NS52A-07
A Conceptual Model to Link Anomalously High Temperature Gradients in the Cerros del Rio Volcanic Field to Regional Flow in the Espanola Basin, New Mexico

Friday, 18 December 2015: 11:50
3024 (Moscone West)
Emma Joy Fillingham, University of California San Diego, La Jolla, CA, United States
Abstract:
Temperature-depth well data along with electromagnetic (EM) data were collected by students of the Summer of Applied Geophysics Experience (SAGE) 2015 field season in the Espanola Basin, New Mexico. The data from this year, in addition to data acquired since 2013, were used to construct a conceptual east-west cross-section of the Espanola Basin and the adjacent highlands in order to evaluate the regional flow system. Vertical geothermal gradients from several monitoring wells were measured using a thermistor. Anomalously warm geothermal gradients were mapped in the Cerros del Rio volcanic field in the basin just east of the Rio Grande. Temperature gradients are up to 70℃/km, while the background geothermal gradients in the Rio Grande rift zone generally show 28℃-35℃/km. This anomaly extends to the Buckman well field, which supplies water to the city of Santa Fe. Overpumping of this well field has led to subsidence in the past. However, discharge temperature plots indicate that the temperature gradients of the Buckman field may be rebounding as pumping is reduced.

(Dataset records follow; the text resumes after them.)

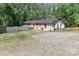 Charming exterior with gravel driveway, mature trees and two front doors at 212 Davies Cir, Cleveland, NC 27013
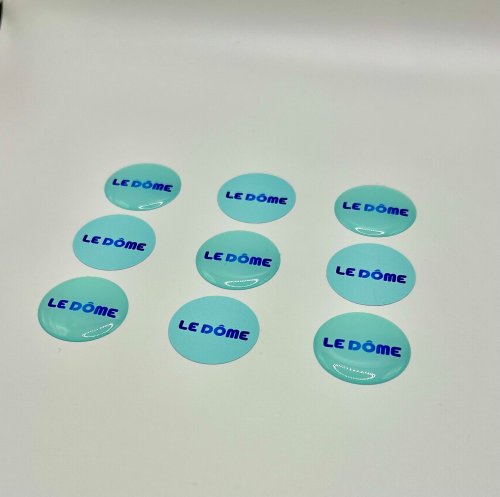 Le Doming : une Finition Haut de Gamme pour Vos Supports Imprimés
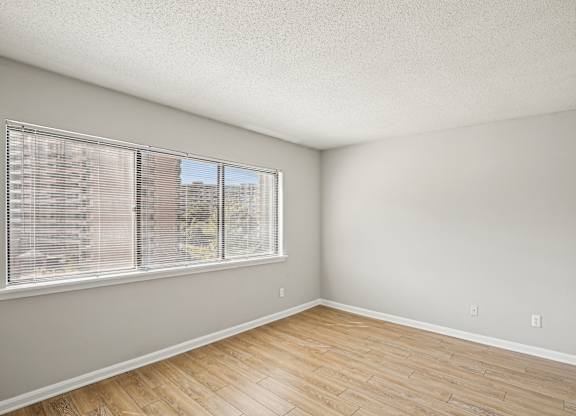 A room with a window and wooden flooring  at The Paramount, Arlington, Virginia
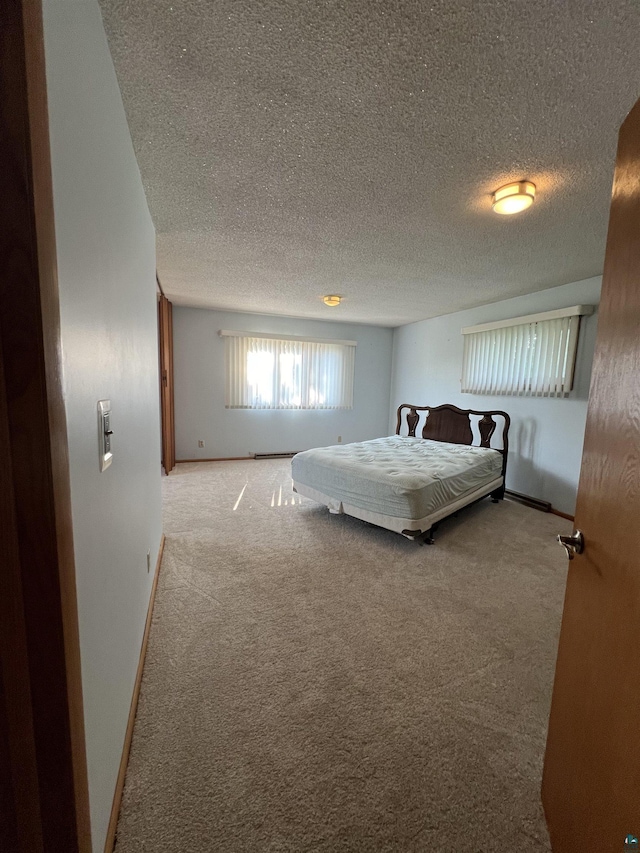 bedroom featuring light colored carpet and a textured ceiling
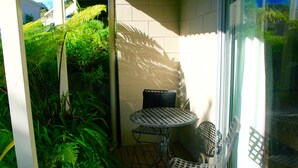 A small outdoor patio with a round metal table and two chairs, surrounded by lush green plants. - Sea Vista Apartments (Auckland)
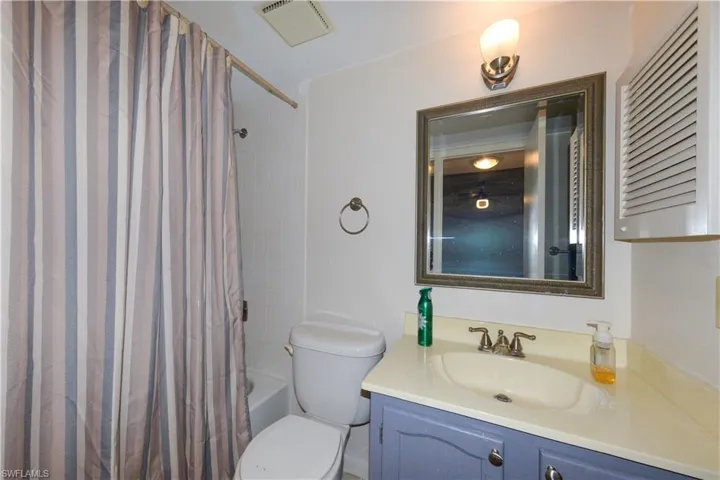 Guest Full bath with shower / bath combo with shower curtain and vanity
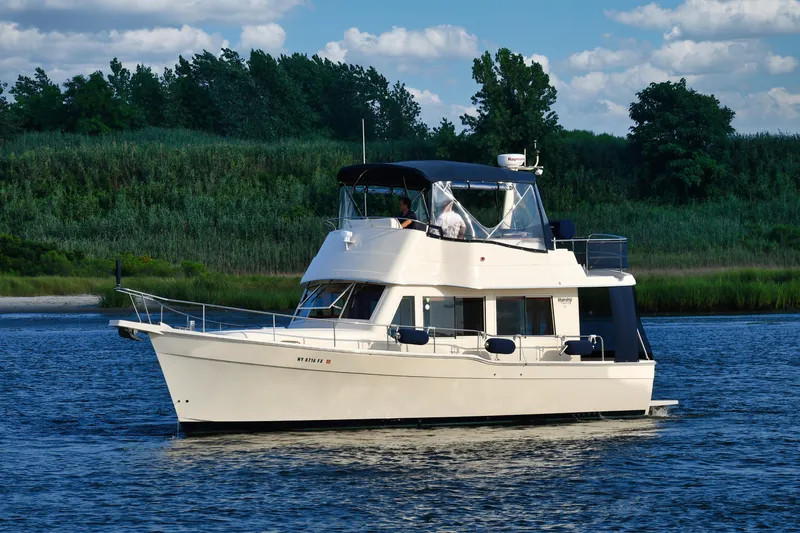  Yacht Photos Pics 2008 Mainship 34 Trawler cruising on a serene river with lush green backdrop.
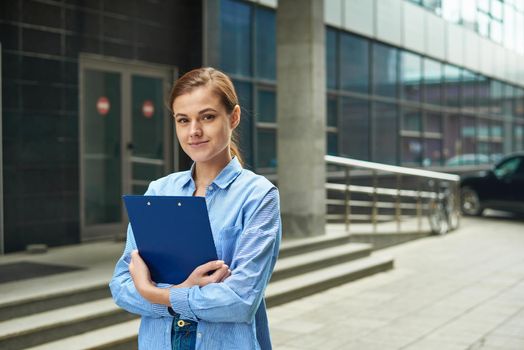 Young female businesswoman holding a tablet with documents at hand and looking at the camera, smiling. The concept of working in the office of young professionals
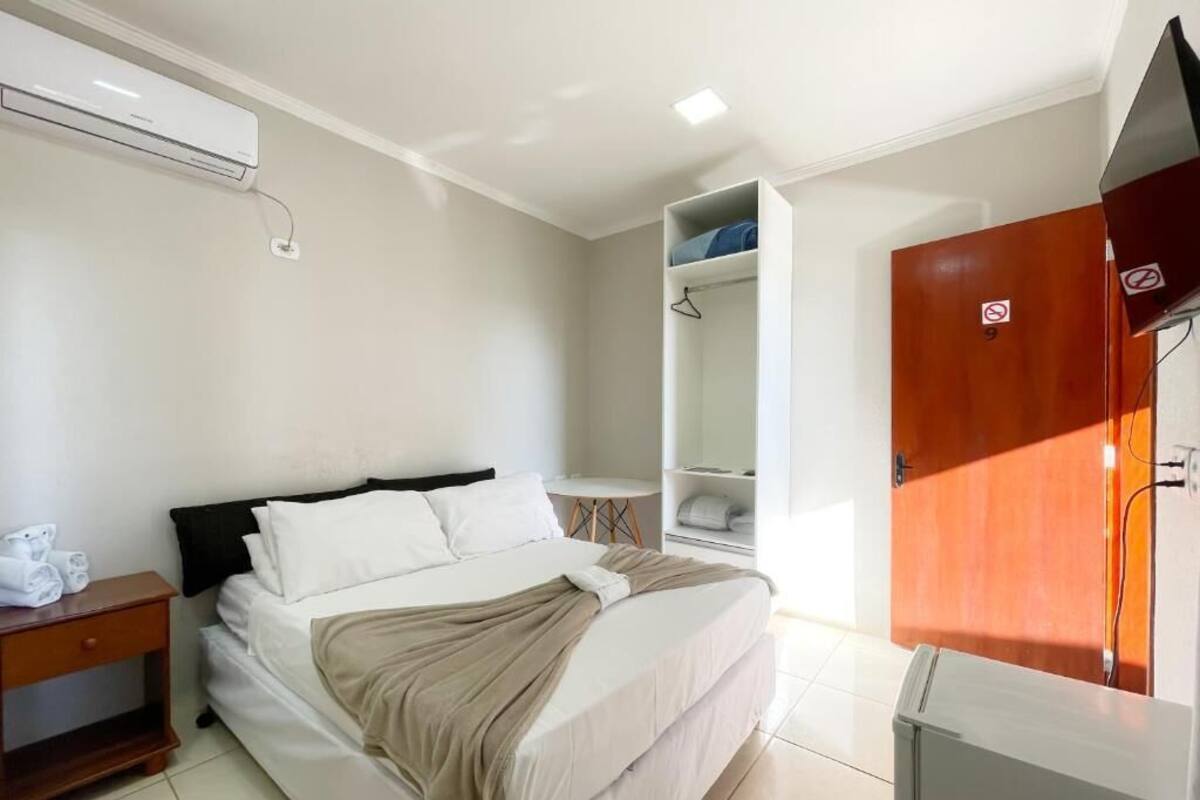 A bedroom with a bed, a wardrobe, a desk, and a hanging shelf.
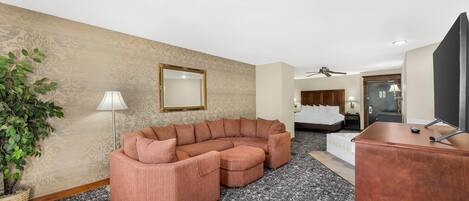 A hotel room with a sectional sofa, a desk, a television, a ceiling fan, a bed, and a potted plant.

Audiomagnetotelluric (AMT) and transient electromagnetic (TEM) data were acquired in the vicinity of three monitoring wells. TEM and AMT methods complement each other with the former having depths of investigation of less than ten to hundreds of meters and AMT having depths of investigation comparable to the wells deeper than 500m. These datasets were used collectively to image the subsurface stratigraphy and, more specifically, the hydrogeology related to shallow aquifers. The EM data collected at these wells showed a trend indicating a shallow aquifer with a shallower resistive layer of approximately 100 ohm-m at 70-100 meters depth. Beneath this resistive layer we resolved a more conductive, clay-rich layer of 10 ohm-m. These resistivity profiles compliment the electrical logs provided by Jet West, which indicate shallower sandstone interbedded with silt on top of more silt-dominant layers.

Our proposed conceptual model of the regional flow system in the Espanola Basin addresses the anomalously high geothermal gradients in the monitoring wells in and near the Cerros del Rio volcanic field in addition to the recovering water levels in the Buckman well field.